De no ser por ese número uno, tan solo la escucharíamos una o dos veces al día, como mucho. Pero gracias al talento del público estadounidense para reconocer una joya cuando la tiene delante, ahora suena constantemente. Sin solución de continuidad. Como una especie de banda sonora incesante que nos acompaña a dondequiera que vayamos. Qué maravilla.
Hacía más de dos décadas que una canción en castellano no era número uno en EEUU. La última había sido La Macarena en 1996 y nos ocurrió exactamente lo mismo. Sí, nos hacía gracia. Veíamos a Los del Río muy sonrientes y vestidos de traje cantándole a una chica para que le diese alegría a su cuerpo, Macarena, que su cuerpo, al parecer, era para darle “alegría y cosa buena”, nos mirábamos los unos a los otros, decíamos en voz alta “eh, Macarena, aaargh” y seguíamos a lo nuestro.
Tuvieron que venir los estadounidenses a explicarnos que aquello era un milagro de la armonía y la melodía y hasta la prosodia para que entendiésemos lo que teníamos entre manos.
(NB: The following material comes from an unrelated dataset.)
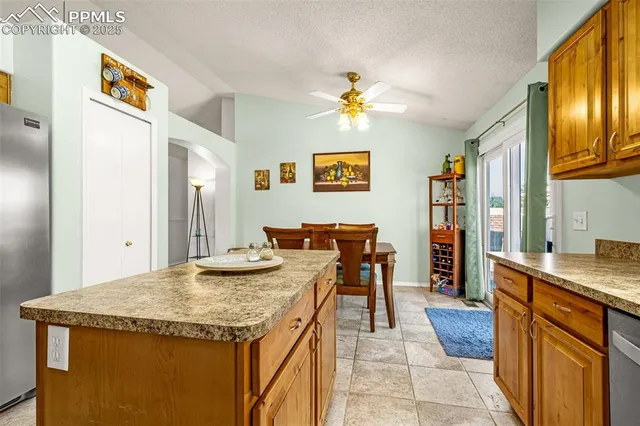 a view of a kitchen area with furniture and wooden floor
Y fue necesario que la aupasen al número uno para que nos quedásemos con cara de tontos mientras veíamos por la tele a los participantes de la convención nacional del Partido Demócrata de 1996, Hillary Clinton incluida, bailando como posesos La Macarena mientras Bill Clinton era elegido candidato a la presidencia, cuando en España ese año ni siquiera tuvimos un miserable debate electoral. Otro gallo habría cantado si Aznar y González la hubiesen bailado.
Pero confío en que no nos vuelva a suceder. Espero que los estadounidenses no tengan que señalarnos otra vez cuál es la próxima Macarena o el próximo Despacito. Sería vergonzoso que una canción en castellano se convierta dentro de unos años en número uno en EEUU y nosotros, mientras tanto, nos hubiésemos pasado otra vez las semanas previas escuchándola sin prestarle demasiada atención, ajenos a su genialidad, convencidos de que solo se trataba de una canción ridícula y mediocre, indistinguible de las otras doscientas de su estilo que sonaron ese año en la radio. Yo, al menos, no me lo perdonaría.